Extracted data entries
----------------

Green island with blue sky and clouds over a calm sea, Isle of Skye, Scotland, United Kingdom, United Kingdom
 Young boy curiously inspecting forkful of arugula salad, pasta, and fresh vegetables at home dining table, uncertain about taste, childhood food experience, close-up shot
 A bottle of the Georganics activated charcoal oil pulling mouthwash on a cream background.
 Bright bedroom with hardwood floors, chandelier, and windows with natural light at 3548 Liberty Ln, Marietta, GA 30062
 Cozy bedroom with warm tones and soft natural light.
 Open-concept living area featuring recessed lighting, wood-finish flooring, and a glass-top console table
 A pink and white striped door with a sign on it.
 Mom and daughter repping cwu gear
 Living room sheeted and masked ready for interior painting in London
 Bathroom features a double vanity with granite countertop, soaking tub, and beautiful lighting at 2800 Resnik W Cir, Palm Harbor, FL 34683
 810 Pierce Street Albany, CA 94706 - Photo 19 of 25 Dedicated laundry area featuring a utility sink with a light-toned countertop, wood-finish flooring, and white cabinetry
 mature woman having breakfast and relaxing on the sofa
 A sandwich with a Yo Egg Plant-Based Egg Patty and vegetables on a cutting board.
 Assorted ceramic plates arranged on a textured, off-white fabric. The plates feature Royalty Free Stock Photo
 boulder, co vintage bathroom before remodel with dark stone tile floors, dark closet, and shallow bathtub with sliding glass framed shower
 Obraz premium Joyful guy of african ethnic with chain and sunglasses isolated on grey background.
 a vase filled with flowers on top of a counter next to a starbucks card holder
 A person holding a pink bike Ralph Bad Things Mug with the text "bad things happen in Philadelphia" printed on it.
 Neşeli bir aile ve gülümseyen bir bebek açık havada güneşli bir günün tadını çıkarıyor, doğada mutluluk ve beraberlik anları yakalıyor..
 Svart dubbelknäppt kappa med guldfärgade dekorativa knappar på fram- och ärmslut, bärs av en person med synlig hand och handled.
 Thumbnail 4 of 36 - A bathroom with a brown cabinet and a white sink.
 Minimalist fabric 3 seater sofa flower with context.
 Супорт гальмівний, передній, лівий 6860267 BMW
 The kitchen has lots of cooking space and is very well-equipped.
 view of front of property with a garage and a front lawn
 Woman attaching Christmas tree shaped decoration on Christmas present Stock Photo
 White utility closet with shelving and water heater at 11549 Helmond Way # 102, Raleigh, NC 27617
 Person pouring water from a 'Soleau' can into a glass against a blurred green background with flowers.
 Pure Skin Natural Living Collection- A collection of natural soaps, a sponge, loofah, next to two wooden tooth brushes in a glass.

----------------

* Exercise goal
The answer should consist of the lines from the first line of the entries through the line with "A bottle of", copied exactly.

* Result for this exercise
Green island with blue sky and clouds over a calm sea, Isle of Skye, Scotland, United Kingdom, United Kingdom
 Young boy curiously inspecting forkful of arugula salad, pasta, and fresh vegetables at home dining table, uncertain about taste, childhood food experience, close-up shot
 A bottle of the Georganics activated charcoal oil pulling mouthwash on a cream background.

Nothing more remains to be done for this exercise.